Two deaths occur: old man Pagan slips away in his big house; Danny goes to the funeral and then gets a job as a general handyman and gardener in the Pagan family home, but not for long. His solace is with the widow, Jess, of the other man who died, Joe Stirling. At first platonic, with chummy visits to the cinemas, it develops once Agnes deserts Danny, taking Wee Mirren with her. At the end of the book, Danny (to Leslie's surprise and mild chagrin) decides to stay in Glasgow and not go South to become the factotum for Leslie again, this time at a posh manor house in west Sussex.
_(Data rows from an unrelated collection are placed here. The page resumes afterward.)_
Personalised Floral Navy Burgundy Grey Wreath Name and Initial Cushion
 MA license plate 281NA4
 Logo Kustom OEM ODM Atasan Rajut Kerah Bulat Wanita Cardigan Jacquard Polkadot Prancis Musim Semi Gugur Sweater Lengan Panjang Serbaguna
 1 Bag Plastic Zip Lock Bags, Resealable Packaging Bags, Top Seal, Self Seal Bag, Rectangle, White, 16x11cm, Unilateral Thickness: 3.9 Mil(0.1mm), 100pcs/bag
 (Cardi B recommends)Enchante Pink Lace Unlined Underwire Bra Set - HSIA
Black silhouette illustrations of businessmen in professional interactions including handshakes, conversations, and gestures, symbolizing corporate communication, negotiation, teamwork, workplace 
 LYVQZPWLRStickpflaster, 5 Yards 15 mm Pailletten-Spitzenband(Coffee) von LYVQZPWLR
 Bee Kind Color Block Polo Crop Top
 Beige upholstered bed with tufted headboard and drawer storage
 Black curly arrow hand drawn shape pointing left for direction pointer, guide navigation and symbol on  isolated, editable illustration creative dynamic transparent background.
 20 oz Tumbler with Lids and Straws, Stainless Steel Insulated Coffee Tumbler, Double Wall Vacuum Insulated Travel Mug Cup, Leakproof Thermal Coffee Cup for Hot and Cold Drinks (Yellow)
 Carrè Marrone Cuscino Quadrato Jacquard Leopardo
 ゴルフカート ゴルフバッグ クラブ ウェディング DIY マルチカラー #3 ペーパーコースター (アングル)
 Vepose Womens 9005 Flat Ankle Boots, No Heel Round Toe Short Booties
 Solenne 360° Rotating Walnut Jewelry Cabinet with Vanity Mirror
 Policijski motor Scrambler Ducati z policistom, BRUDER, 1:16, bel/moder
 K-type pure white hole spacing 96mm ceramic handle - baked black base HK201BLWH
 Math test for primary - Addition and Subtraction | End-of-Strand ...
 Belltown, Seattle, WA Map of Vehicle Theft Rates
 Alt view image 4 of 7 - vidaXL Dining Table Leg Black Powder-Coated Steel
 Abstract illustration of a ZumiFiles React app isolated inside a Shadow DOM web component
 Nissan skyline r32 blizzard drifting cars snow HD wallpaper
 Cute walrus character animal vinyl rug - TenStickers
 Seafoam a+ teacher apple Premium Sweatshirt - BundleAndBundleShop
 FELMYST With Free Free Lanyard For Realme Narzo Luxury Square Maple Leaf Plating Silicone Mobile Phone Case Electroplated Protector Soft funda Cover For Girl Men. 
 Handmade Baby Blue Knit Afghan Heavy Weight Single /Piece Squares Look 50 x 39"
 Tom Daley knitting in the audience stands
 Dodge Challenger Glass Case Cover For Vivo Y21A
I think I'll just stick to my trade, sir.

There are regular passages on the city of Glasgow: its unwieldly vastness - of a hopeless complex of lives and interests all resting on heavy industry in decay, with a canker at its heart; perhaps a city doomed... it is a city where the workless faced him at every second step: men unmistakably and irretrievably stamped with hopelessness and under-feeding, men without coats or collars, their pinched faces grey-green with cold, their hands deep in their jacket pockets, their shoulders hunched in the stoop of the damned.

The author's socialism shines through every so often - the richness of shops catering for the rich, the flaunting of whores and of rich women, not much better, clambering insolently from glistening cars...; as do traces of anti-Semitism.

A final comment. I looked on Amazon for reviews of the book. One women writer from Stirling complained that both wives are bitterly painted - one an English spendthrift with little time for her much older husband, and the other, although it is not clear why, is a verbally abusive and negligent wife - quite horrible. Unsurprisingly, the love interest is a sweet, kind, gentle woman. Dear me! If she had read the story more closely, she would have realised that there is love between Leslie and Blanche. But we are in the 21st century, with very different fare being offered. I don't think I will be reading her forthcoming novel.